Each line below from the one containing "Rare 20 Centavos Sao Tome Et Principe 1929" through the one containing "Bah440 - 6 bedroom beach house in Jandaira" should be output exactly as it stands, and no other line should appear.

Data records
--- START ---

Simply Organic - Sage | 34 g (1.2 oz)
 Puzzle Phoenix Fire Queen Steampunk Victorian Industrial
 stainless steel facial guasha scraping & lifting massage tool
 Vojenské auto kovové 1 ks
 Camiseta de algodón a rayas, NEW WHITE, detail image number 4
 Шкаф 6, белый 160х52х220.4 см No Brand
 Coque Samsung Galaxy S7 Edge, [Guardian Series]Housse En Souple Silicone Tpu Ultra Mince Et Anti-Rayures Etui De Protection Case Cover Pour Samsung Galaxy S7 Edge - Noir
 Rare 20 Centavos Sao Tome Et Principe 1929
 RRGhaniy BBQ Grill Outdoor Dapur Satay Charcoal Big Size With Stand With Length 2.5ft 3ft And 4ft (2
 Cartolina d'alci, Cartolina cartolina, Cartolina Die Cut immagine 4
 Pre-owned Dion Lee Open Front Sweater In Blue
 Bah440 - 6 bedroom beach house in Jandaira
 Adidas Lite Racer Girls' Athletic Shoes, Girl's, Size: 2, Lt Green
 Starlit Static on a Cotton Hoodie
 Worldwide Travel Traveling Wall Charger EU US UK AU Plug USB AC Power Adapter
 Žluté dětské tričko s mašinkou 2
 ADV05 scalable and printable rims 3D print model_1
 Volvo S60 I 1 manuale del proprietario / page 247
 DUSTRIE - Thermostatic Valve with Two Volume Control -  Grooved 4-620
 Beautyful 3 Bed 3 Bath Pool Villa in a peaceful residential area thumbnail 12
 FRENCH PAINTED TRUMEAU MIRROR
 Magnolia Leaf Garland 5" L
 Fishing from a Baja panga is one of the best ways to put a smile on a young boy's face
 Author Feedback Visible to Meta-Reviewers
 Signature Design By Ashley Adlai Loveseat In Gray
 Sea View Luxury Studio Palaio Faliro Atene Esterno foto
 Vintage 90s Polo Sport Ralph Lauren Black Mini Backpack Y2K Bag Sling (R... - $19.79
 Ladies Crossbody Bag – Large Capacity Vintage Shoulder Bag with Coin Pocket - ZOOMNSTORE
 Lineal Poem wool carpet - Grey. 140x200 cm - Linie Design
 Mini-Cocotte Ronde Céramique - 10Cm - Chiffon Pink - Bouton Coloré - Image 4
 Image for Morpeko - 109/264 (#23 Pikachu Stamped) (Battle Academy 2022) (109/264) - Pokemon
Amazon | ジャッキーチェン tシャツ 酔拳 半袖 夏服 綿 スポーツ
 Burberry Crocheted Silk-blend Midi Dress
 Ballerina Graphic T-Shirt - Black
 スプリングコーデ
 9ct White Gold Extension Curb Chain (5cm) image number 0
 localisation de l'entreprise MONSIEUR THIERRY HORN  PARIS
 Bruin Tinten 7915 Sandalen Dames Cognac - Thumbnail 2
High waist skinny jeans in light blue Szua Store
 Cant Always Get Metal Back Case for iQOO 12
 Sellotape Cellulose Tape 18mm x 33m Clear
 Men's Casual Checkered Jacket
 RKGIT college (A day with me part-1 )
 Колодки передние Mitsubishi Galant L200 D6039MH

--- END ---

Answer box
 Rare 20 Centavos Sao Tome Et Principe 1929
 RRGhaniy BBQ Grill Outdoor Dapur Satay Charcoal Big Size With Stand With Length 2.5ft 3ft And 4ft (2
 Cartolina d'alci, Cartolina cartolina, Cartolina Die Cut immagine 4
 Pre-owned Dion Lee Open Front Sweater In Blue
 Bah440 - 6 bedroom beach house in Jandaira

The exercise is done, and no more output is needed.